Analysis of the recently released data by the National Bureau of Statistics (NBS) on capital importation for Q1 2022 revealed that the total amount of foreign investment inflows into the Nigerian economy declined by 28.1% q/q and 17.5% y/y to US$1.57bn in Q1 2022 from US$2.19bn in Q4 2021 and US$1.91bn in Q1 2021.
This was expected as the Nigerian market still lacks the long-awaited catalysts, such as FX clarity, improved security profile, stable government and business policies, which typically attract foreign investments. Moreso, a pre-election year, with its many uncertainties, is not the time to expect an influx of foreign investments.

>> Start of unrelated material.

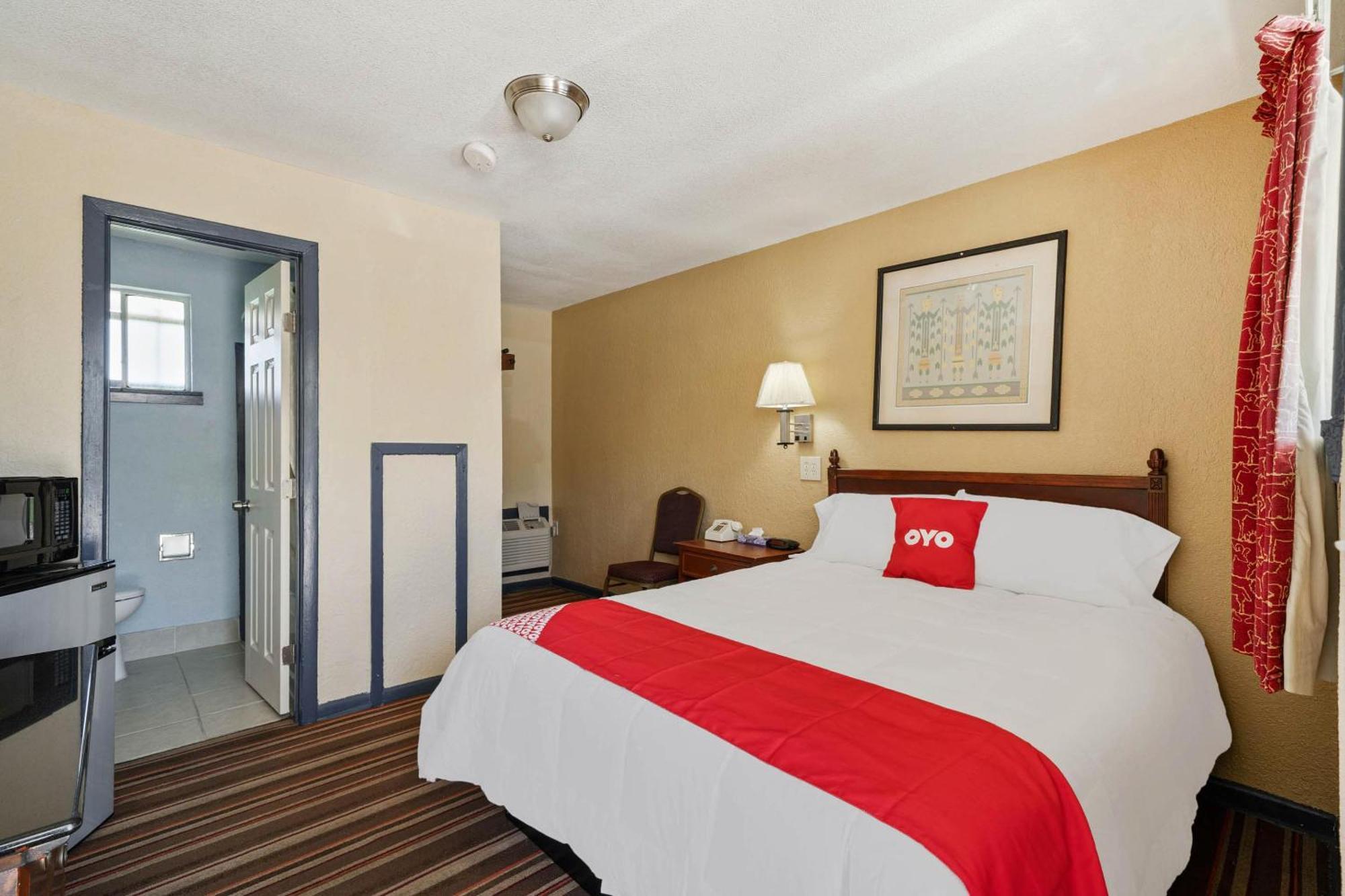Oyo Hotel Luling Tx Downtown I-10/Us-90 Екстер'єр фото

A breakdown of the Q1 data showed that the dominant portfolio investments increased contribution to the total inflows from 29.4% in Q4 2021 to 60.9% in Q1 2022, leaving other investments (29.3%) and foreign direct investments (9.9%) to plug the balance.

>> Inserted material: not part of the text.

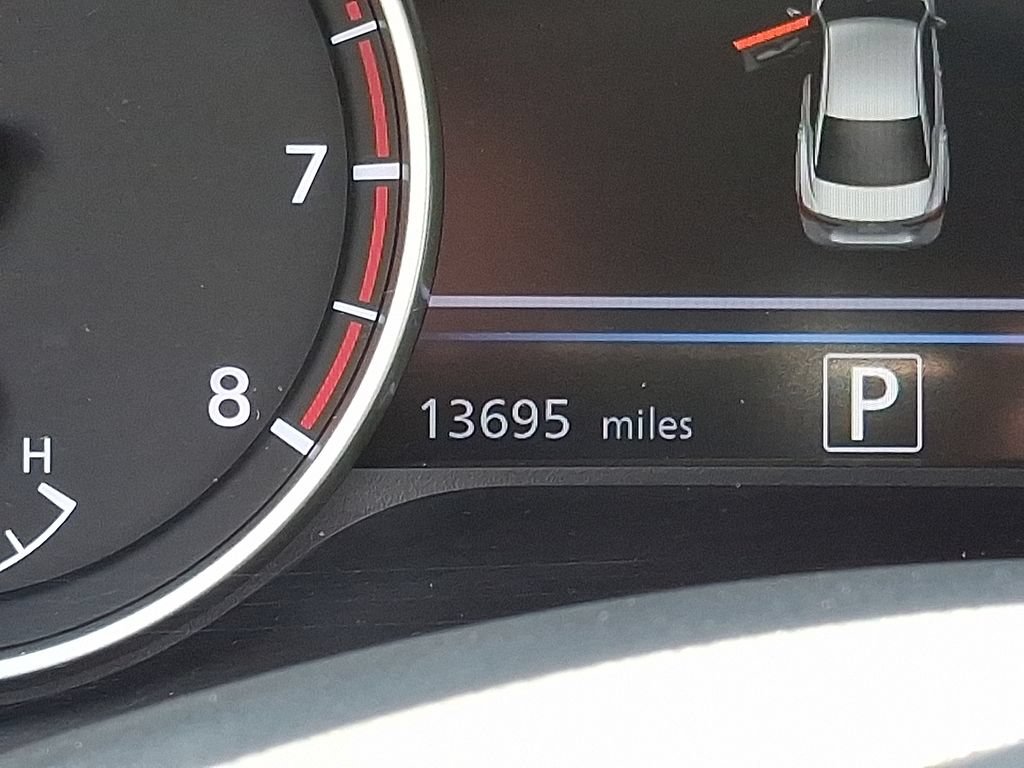 Used 2021 Nissan Sentra SV FWD image 19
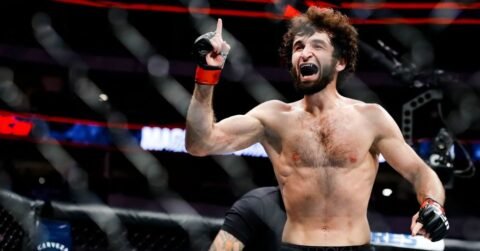 Zabit Magomedsharipov Teases UFC Comeback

Notably, the q/q decrease in foreign inflows in Q1 stems from a steep decline in Other Investments (-61.2% q/q) trailed by a 56.7% q/q fall in Foreign Direct Investment while portfolio investments increased by 49.0% q/q. Foreign Portfolio Investments (FPIs) remained skewed to investment in money market instruments (64.3% of the FPIs in Q1 2022). This continues to make the economy extremely vulnerable to external factors beyond the control of policymakers.
Also, there was a sharp increase in bonds investment, rising by 575.4% q/q as equity investments dipped by 16.4% q/q. However, when compared to Q1 2021, Other Investments and Portfolio Investments declined by 40.7% y/y and 1.7% y/y, respectively.
The Nigerian market still lacks the needed catalysts to boost foreign inflows into the economy, especially as politics take the center stage, raising political risk in the country. Besides political risk, capital controls continue to undermine confidence and prevent the free flow of capital. However, the recent 150bps hike in the monetary policy rate, if it translates to a significant increase in market rates, may attract more foreign investments into the fixed income market.
That said, passive investments like portfolio investments, which remain the driver of foreign inflows into Nigeria, put the economy in a slippery position. Again, the perennial inability of over 50% of the 36 states to attract capital inflows cannot be ignored, and this has over time hindered inclusive investments across the country.